Code is at: https://github.com/jakebailey/TypeScript/tree/its-esm
Opened https://github.com/nodejs/node/pull/52762
@nodejs/loaders
Want to throw in a couple of non-builtins use cases I've come across, in case it's helpful:
- In
@opentelemetry/resources
, there is a conditional import based on process.platform, so that the correct function depending on perform can be exported while being contained in a different module. - Something I've done is in a shared eslint config, conditionally importing either a typescript shared config or a base config depending on whether or not I've "enabled" it, allowing the external TS config to be an optional dependency.

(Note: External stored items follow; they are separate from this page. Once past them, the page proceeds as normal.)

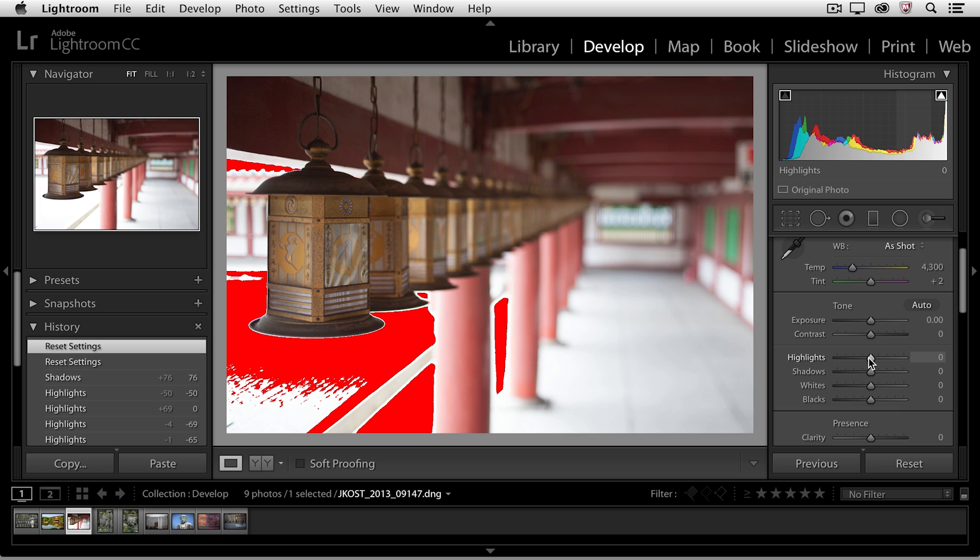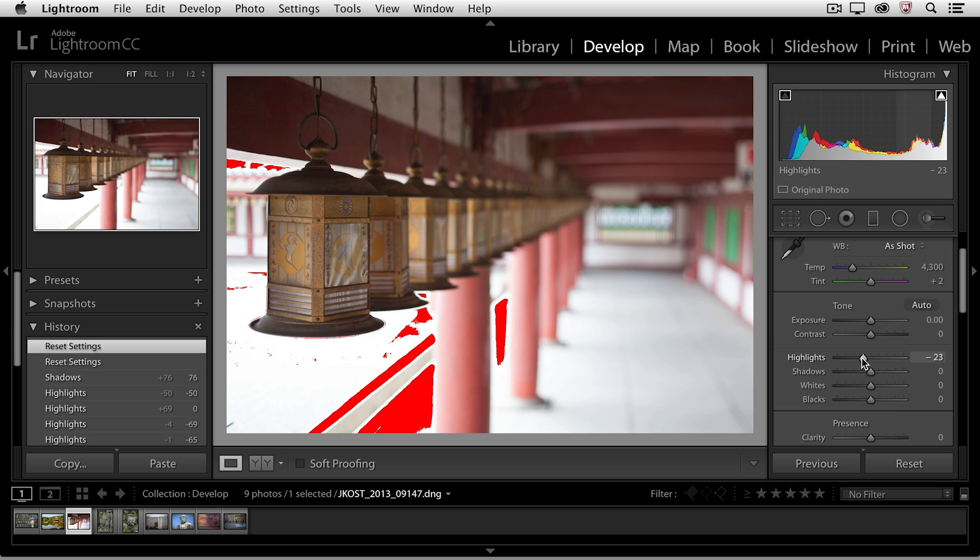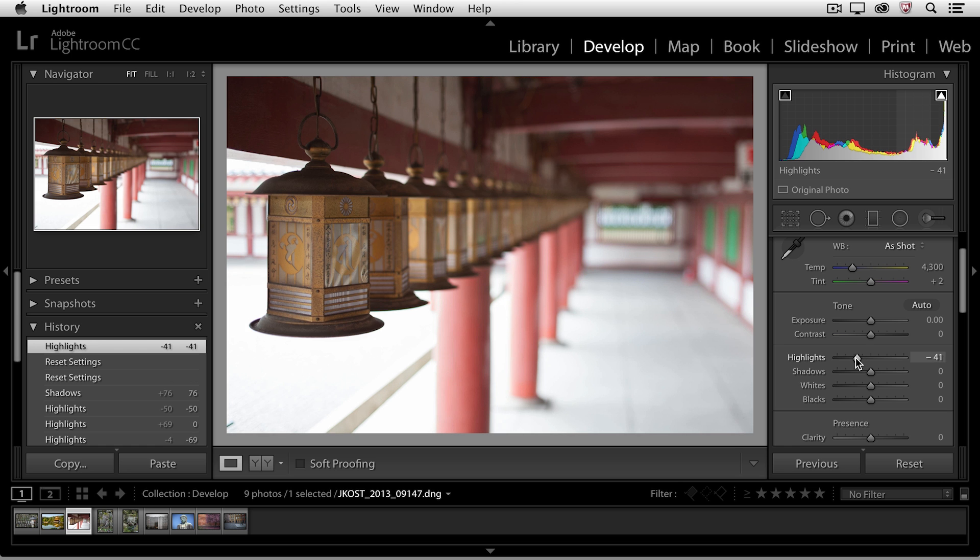I'm going to start by moving the highlight slider a little bit towards the left and you can see as I do that the red overlay disappears, meaning that Lightroom is able to recover information in that highlight area.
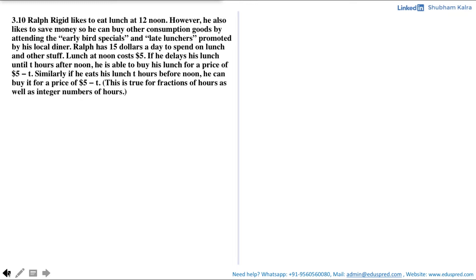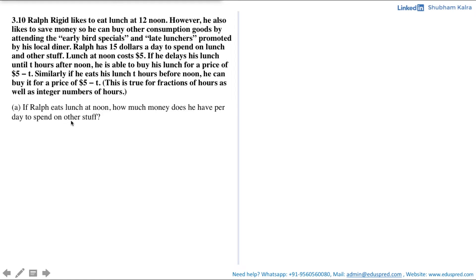In this video, we will be solving this question which says Ralph Bridget likes to eat lunch at 12 noon. However, he also likes to save money so he can buy other consumption goods by attending the early bird specials and late lunches promoted by his local diner. Ralph has $15 a day to spend on lunch and other stuff. Lunch at noon costs $5. If he delays his lunch until t hours after noon, he is able to buy his lunch for a price of $5 minus t. Similarly, if he eats his lunch t hours before noon, he can buy it for a price of $5 minus t. This is true for a fraction of hours as well as integer number of hours. We are asked: if Ralph eats lunch at noon, how much money does he have per day to spend on other stuff?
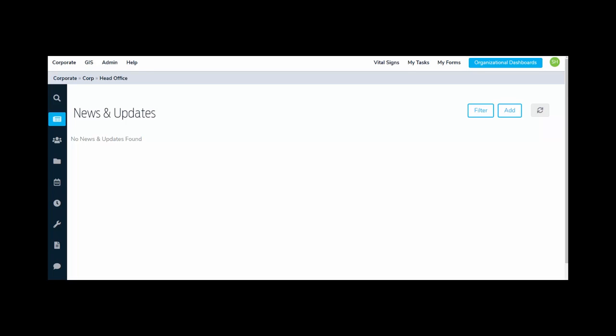Welcome to this introductory video on the user interface for Global AlertLink version 8.0. While we still have the same features you've come to know and love and trust with the Global AlertLink product, we have made some changes to streamline how you interact with the data, providing information for you quickly at your fingertips no matter where you are in the system. Let's take a look at the new user interface.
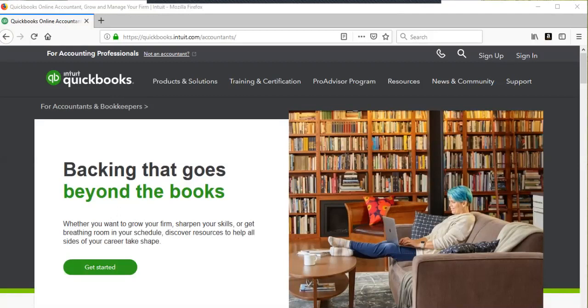Hello, this video is to show y'all how to create a QuickBooks Online accountant profile so that you can become a QuickBooks Online Pro Advisor.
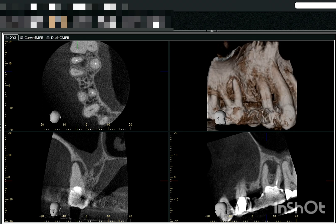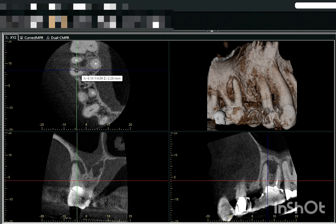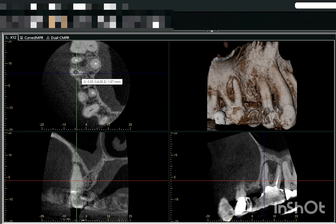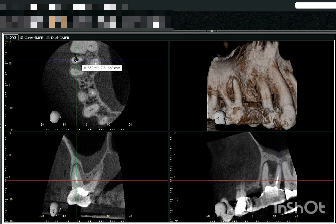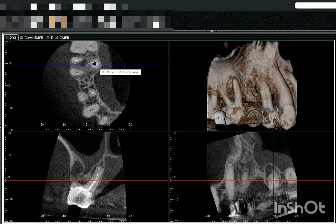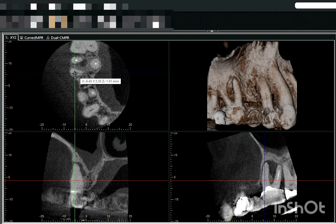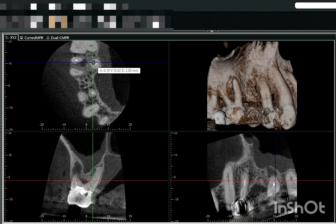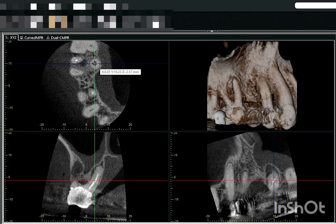As you can see in this scan, this is the mesiobuccal root of 1,6, the distobuccal root of 1,6, and the palatal root of 1,6 — mesiobuccal, distobuccal, and the palatal root.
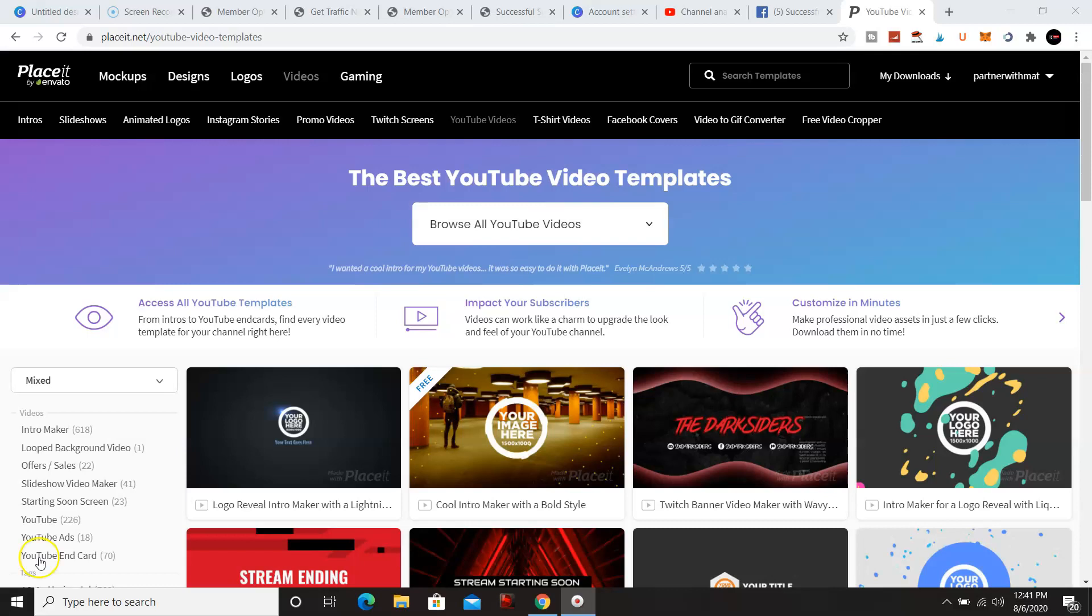Hey what's going on YouTube, welcome back to my channel, this is Matt. In this video I'm gonna go over how to create a cool YouTube video intro template.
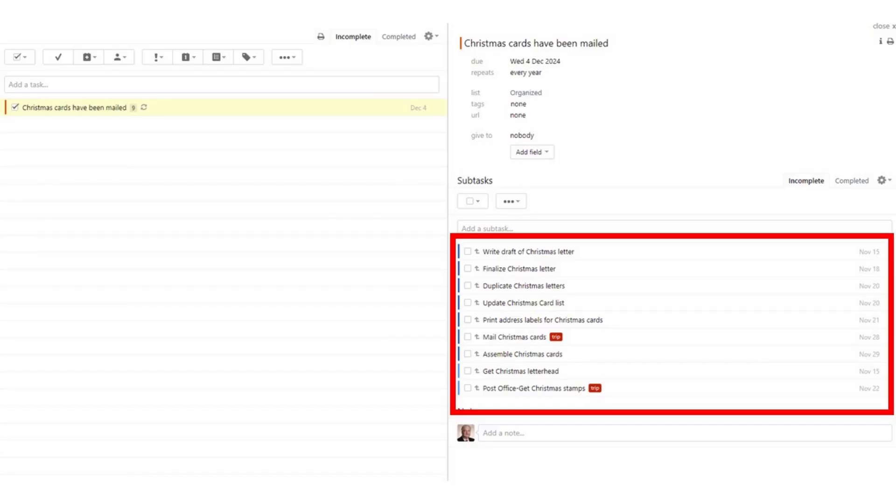I'm using the paid version of Remember the Milk, which allows me to do subtasks. The project is a task that has subtasks, and all of the little steps are subtasks within it. If you're not using this, I would refer you to Chapter 5 in my book, 'Get Organized: Time Management for School Leaders,' where I talk about a nifty way to keep up with projects and next steps when you don't have subtasks. On any given day, the appropriate subtasks show up in my today list.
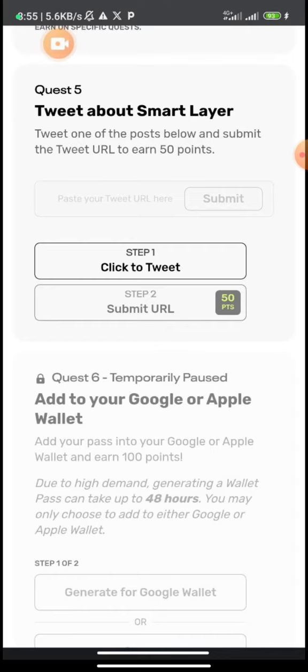Follow their Twitter, follow their Discord, and get premium access and information. Currently they are minting an NFT for free, which is the Smart Cards. I will drop a tutorial video on how you can mint that.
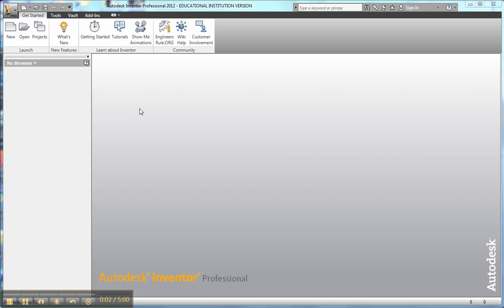Okay, now I'm going to walk you through drawing the part in a CAD software, Autodesk Inventor.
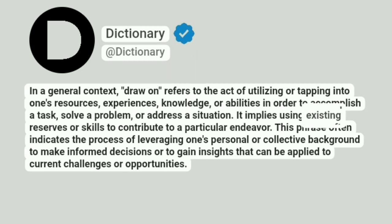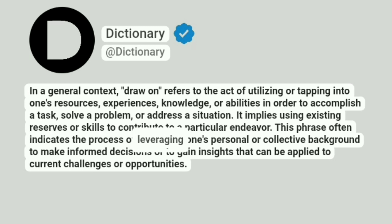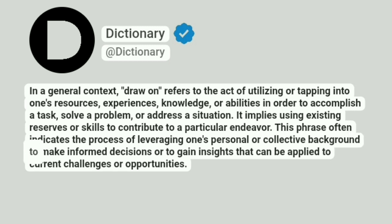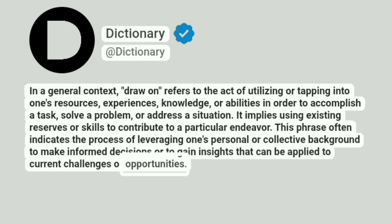It implies using existing reserves or skills to contribute to a particular endeavor. This phrase often indicates the process of leveraging one's personal or collective background to make informed decisions or to gain insights that can be applied to current challenges or opportunities.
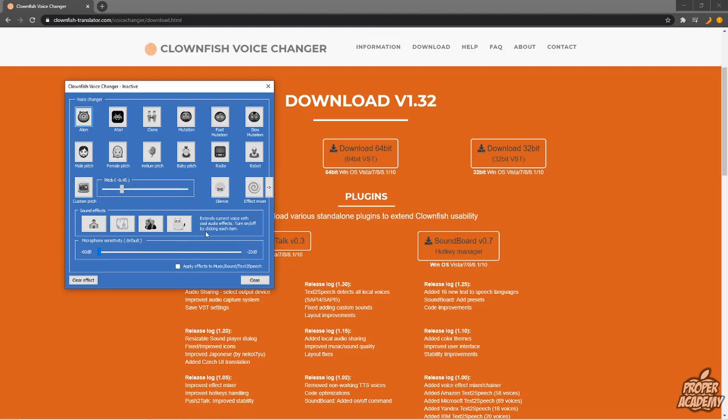Anyhow, I really hope I was able to help you with showing you how to download and install Clownfish for your computer. If this was helpful, be sure to leave a like on the video and subscribe for more content. Thanks for watching.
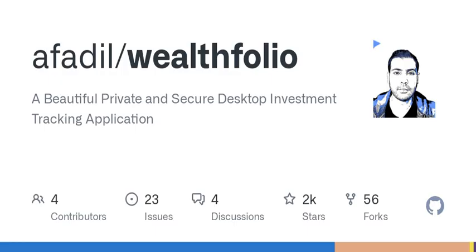The development tools used are Vite, TypeScript, ESLint, Prettier, and Tori.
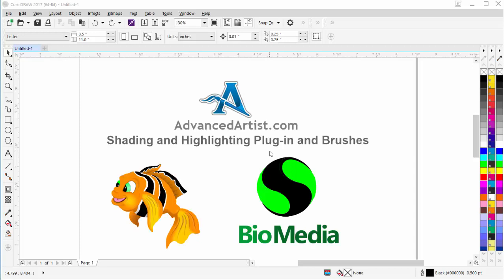In this session, we're going to take a look at working with the Shading and Highlighting plugin and brushes from advancedartist.com. This is a new plugin for shading, highlighting, and creating feathered-edged objects in CorelDRAW. It also comes along with over 80 custom artistic media brushes for shading and highlighting, working with gradients, and also some artistic illustration brushes.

In the first one, you are already importing process
; is this actually a conditional?
For the latter, you can actually export from ESLint configs a Promise, such that you can conditionally resolve things in an async IIFE, which may also work for those cases.
No matter what, though, you can always achieve loading of external modules even with just getBuiltin
just by writing:
const require = process.getBuiltin("module").createRequire(import.meta.url);
// ...
In the first case, I was referring to the require calls (exceptionally poor choice of words, sorry!). In both cases it didnt register that createRequire
should be able to solve this issue - though WRT larger standards discussion I imagine it would be nice to have a way to do this in ESM outside of node.
How does process.getBuiltinModule
interact with loaders? (specifically asking about the import-in-the-middle
and require-in-the-middle
use case). ref: https://github.com/open-telemetry/opentelemetry-js/issues/4742
I suppose packages like these can just do what they already do with the CJS loader…by monkey patching? (Not a great way to get it done but it gets the job done for now, just like until proper CJS loader hooks are implemented they will just keep monkey patching anyway…and arguably simply wrapping a method on process is less problematic than the magic they do with the CJS module loader).